Seoul, South Korea — Samsung Electronics withdrew its proposal to buy SanDisk just two days after SanDisk announced a third-quarter $250 million operating loss, a 21 percent revenue to $821 million, and plans to significantly reduce its capital expenditures and operating expenses.

San Disk previously rebuffed Samsung’s unsolicited $26/share offer for all of its stock.

Samsung is the world’s leading maker of flash memory chips, and SanDisk is the top supplier in the U.S. market of memory cards that use flash memory chips. SanDisk gets most of its memory chips from its joint venture with Toshiba.

In a letter to SanDisk’s board, Samsung said that it changed its mind because of SanDisk’s financial performance in the quarter ending Sept. 28, saying the risk to its own shareholders has grown since the company first made an offer six months ago. Samsung contended that it had to “squarely face the growing uncertainties in your business, which may continue to deteriorate in this difficult economic environment and further impact your standalone value.” SanDisk’s “recently announced third quarter results serve only to illustrate this risk,” the letter continued. “Your surprise announcements of a quarter-billion-dollar operating loss, a hurried renegotiation of your relationship with Toshiba, and major job losses across your organization all point to a considerable increase in your risk profile and a material deterioration in value, both on a stand-alone basis as well as to Samsung. As a result of these developments, we are no longer interested in acquiring SanDisk at $26/share.”

In the letter, Samsung vice chairman/CEO Yoon Woo Lee said he still believes “that a combination of our two companies would have created a superior global brand, an unparalleled technology platform, and the scale and resources to drive convergence in the marketplace.

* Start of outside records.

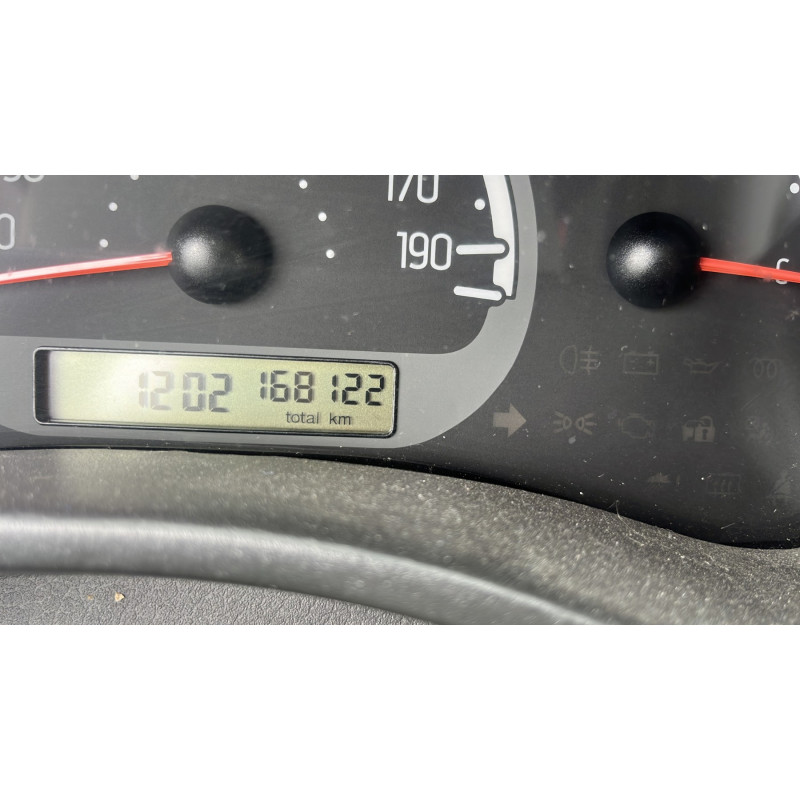 Alternateur FIAT PANDA 2 Photo n°12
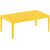 SKY YELLOW 100Χ60Χ40εκ. ΤΡΑΠΕΖΙ ΠΟΛ/ΝΙΟΥ - ΤΡΑΠΕΖΙΑ ΕΞ. ΧΩΡΟΥ στο Milonadakis.gr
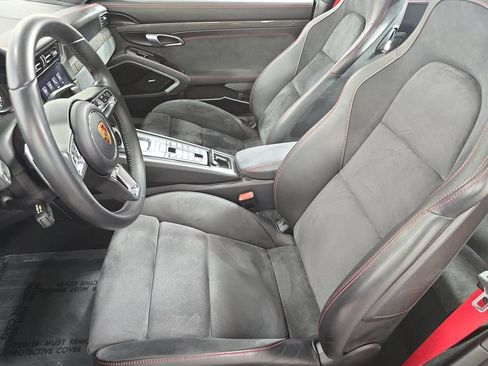Certified 2019 Porsche 911 Carrera 4 GTS AWD/4WD image 5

Had we been able to execute on our proposal, your shareholders would have received full, fair and certain value for their shares and your employees and other stakeholders would have benefited from a broader platform and a wider range of opportunities.”

In response to Samsung’s withdrawal, SanDisk reiterated that it harbored “questions about the real motivations behind Samsung’s offer.” The company said it “has a strong brand, strategic partners, dedicated team, broad channels, fundamental next-generation IP, and a highly competitive cost structure” and that it would “continue to take appropriate steps to weather the current macroeconomic environment and ensure SanDisk’s long-term success.”

In a previous letter to Samsung, SanDisk called the buyout proposal “an opportunistic attempt to take advantage of SanDisk’s current stock price, which is significantly depressed given industry cyclicality, the uncertainty resulting from the unresolved patent cross-license agreement renewal [expiring in 2009] with Samsung, and general equity market conditions.” The proposal, the letter noted, could be a “calculated negotiating ploy or an attempt to gain leverage in the ongoing licensing negotiations between the companies [over SanDisk flash-memory technology].”

For its part, Samsung said a merger would be in SanDisk’s interests because SanDisk faced severe challenges in remaining competitive as a stand-alone company. Because “markets have become more turbulent and global economic trends are negative,” Samsung claimed in an earlier letter to SanDisk that SanDisk likely won’t have the resources it needs to remain competitive. “Separately investing in necessary state of the art facilities will be a significant tax on your business in the near term,” Samsung claimed. “In addition, reliance on IP and enforcing it is a costly and uncertain business for both our companies. Faced with these challenges, now is the time to merge.”